Taken together, these are not signs of a system getting better. They are signs of a system that has adapted just enough to cope, but not enough to improve.

The implication is uncomfortable but important: the UK is no longer in a phase of rapid cyber security evolution. It is in a phase of managed stagnation.

And breaking out of that plateau will require changing incentives, not just raising awareness.

Contents

1. Introduction

The UK Government’s Cyber Security Breaches Survey 2025/26 is, on the surface, reassuring. Breach prevalence hasn’t surged dramatically. Some metrics have even improved slightly.

But read it properly, and in context, and a very different story emerges.

This is not a story of improvement.
It’s a story of structural stagnation at scale.

1.1 The Cyber Breach Series 2026

This article forms part of the Cyber Breach 2026 Series, a three-part analysis of the UK Cyber Security Breaches Survey and its wider implications for the UK cyber ecosystem.

Each article approaches the same dataset from a different angle:

Taken together, these three perspectives move from observation, to trend, to model, and show that the real problem isn’t just cyber risk.

It’s how we measure it.

Cyber Breach 2026 Series Overview

2. The Headline Numbers Hide the Real Signal

At a glance, the survey appears to offer stability. The numbers aren’t spiking, the narrative isn’t alarming, and there’s a sense, if you want to find it, that things might be under control.

But this is exactly where cyber analysis tends to go wrong: mistaking familiarity for progress.

  • 43% of UK businesses experienced a cyber breach or attack in the last 12 months
  • 28–30% of charities did the same
  • For larger organisations:
    • 65–69% of medium and large firms were breached

At first glance, this looks stable, perhaps even slightly improved from previous years.

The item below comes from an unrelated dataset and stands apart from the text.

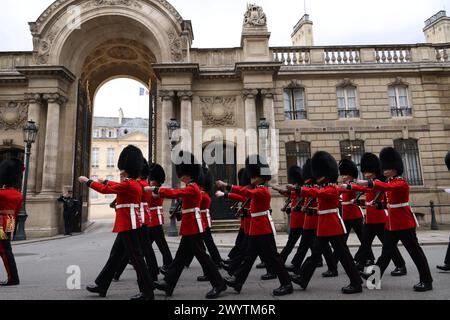 © PHOTOPQR/LE PARISIEN/Delphine Goldsztejn ; Paris ; 08/04/2024 ; La France et le Royaume-Uni ont organisée ce lundi 8 avril dans la matinée une relève de la Garde croisée pour célébrer les 120 ans de la Signature de l'Entente cordiale, accords diplomatiques franco-britanniques. Après 120 d'Entente cordiale, une relève de la Garde inédite entre l'Elysée et Buckingham Signé en 1904, l'accord de l'Entente cordiale a permis d'améliorer les Relations entre la France et le Royaume Uni après les guerres napoléoniennes. IL EST à ce jour considéré comme le fondement de l'alliance entre les deux membre Stockfoto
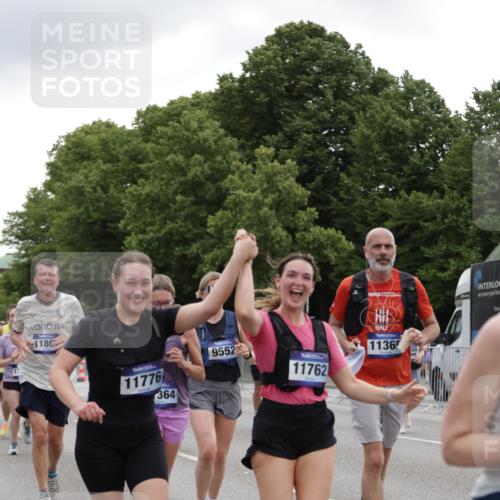 29.06.2025 - hella hamburg halbmarathon Jannik Wohlers http://msf.ph/oto/8147507 29.06.2025 10:48:25 Lombardsbrücke 1167, 1584, 2160, 2437, 2438, 2716, 2792, 3215, 5010, 5479, 5480, 6015, 6437, 6566, 7062, 7203, 7947, 7948, 8719, 9552, 10204, 10366, 10524, 10654, 10656, 11364, 11365, 11690, 11762, 11776, 11861, 13507, 13549, 13775, 13845, 14382, 15100, 15833, 16042, 16525, 16701, 16974, 17046, 18016, 18282, 18496, 19024, 19083, 19135 meine-sportfotos.de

But stability here is not success. It is persistent systemic exposure.

When nearly half of all organisations are breached annually, cyber risk is no longer an exception. It is the baseline operating condition of the UK economy.

3. The “Improvement” is Statistical, Not Structural

It’s tempting, especially for policymakers and commentators, to point to small improvements and frame them as evidence that interventions are working.

But in complex systems, small changes in metrics often reflect changes in measurement, not changes in reality.

The modest drop from ~50% to ~43% breach prevalence is often cited as progress.

It isn’t.

The reduction is largely attributed to fewer small businesses recognising phishing attacks, not necessarily fewer attacks occurring.

In other words:

The system hasn’t become more secure.
It has become less aware of its own insecurity.

This distinction matters enormously for policy, investment, and sector strategy.

Because if awareness is falling faster than risk, then the system is not improving; it is drifting out of alignment with reality.

4. Sectoral Reality: Size Matters More Than Capability

One of the most persistent myths in cyber security is that maturity scales cleanly with size, that larger organisations are simply “better” at security.

The survey data tells a more nuanced, and more uncomfortable, story.

  • Large organisations: ~70% breach rate
  • SMEs: significantly lower, but largely due to detection and reporting gaps

This exposes a core structural truth:

Cyber exposure scales with digital dependency, not necessarily with defensive maturity.

Large organisations:

  • Have broader attack surfaces
  • More complex supply chains
  • Greater dependency on digital systems

But critically, they are also:

  • Better at detection
  • More transparent in reporting

So the “sectoral difference” is partly real risk, and partly measurement artefact.

Which means comparisons between sectors, or organisation sizes, often tell us less about security, and more about visibility.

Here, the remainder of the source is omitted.